Open In Colab

Linear Prediction#

The importance of linear prediction and coding#

Linear prediction and coding (LPC) play a crucial role in digital signal processing (DSP) and cognitive science. By making predictions about the future based on past experiences and sensory input, our brains are able to anticipate and respond to changes in the environment in a more efficient and adaptive manner. This process of prediction allows the brain to generate expectations about what will happen next, which helps to reduce surprise and uncertainty. Linear coding, on the other hand, involves representing sensory input in a way that can be efficiently processed and used for making predictions. By encoding sensory information in a linear fashion, a DSP system (or the brain) can extract relevant features and patterns from complex input and build a more accurate model of the world.

In computational cognitive science, LPC helps to simulate the optimization of the brain’s internal models and improve its ability to make accurate predictions about the environment. This, in turn, allows for more efficient action selection and decision-making, ultimately enhancing the brain’s ability to adapt and survive in a constantly changing world.

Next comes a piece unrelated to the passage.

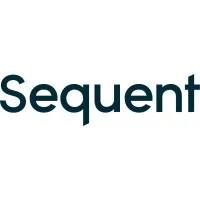 Sequent Group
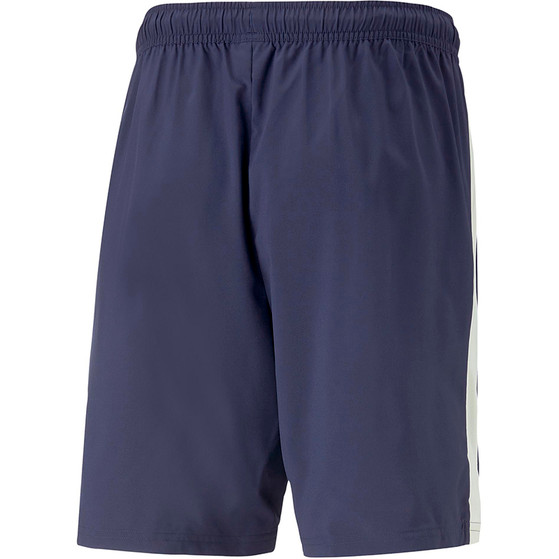 Puma Team Liga Short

In DSP, LPC is used for signal modeling. It provides also an excellent introduction to parametric spectral estimation. For more information about LPC in DSP, please refer to

Below we provide a short introduction to the differntiable LPC.

Speech Decomposition with Source Filter Model#

In this example, we decompose a speech signal into its source \(e[n]\) and filter components \(a_k\), following the LPC model

\[ s[n] = e[n] + \sum_{k=1}^M a_k s[n-k] \]

We’ll first use the traditional method to estimate the LPC filter, and then we’ll use our differentiable LPC to do end-to-end decomposition.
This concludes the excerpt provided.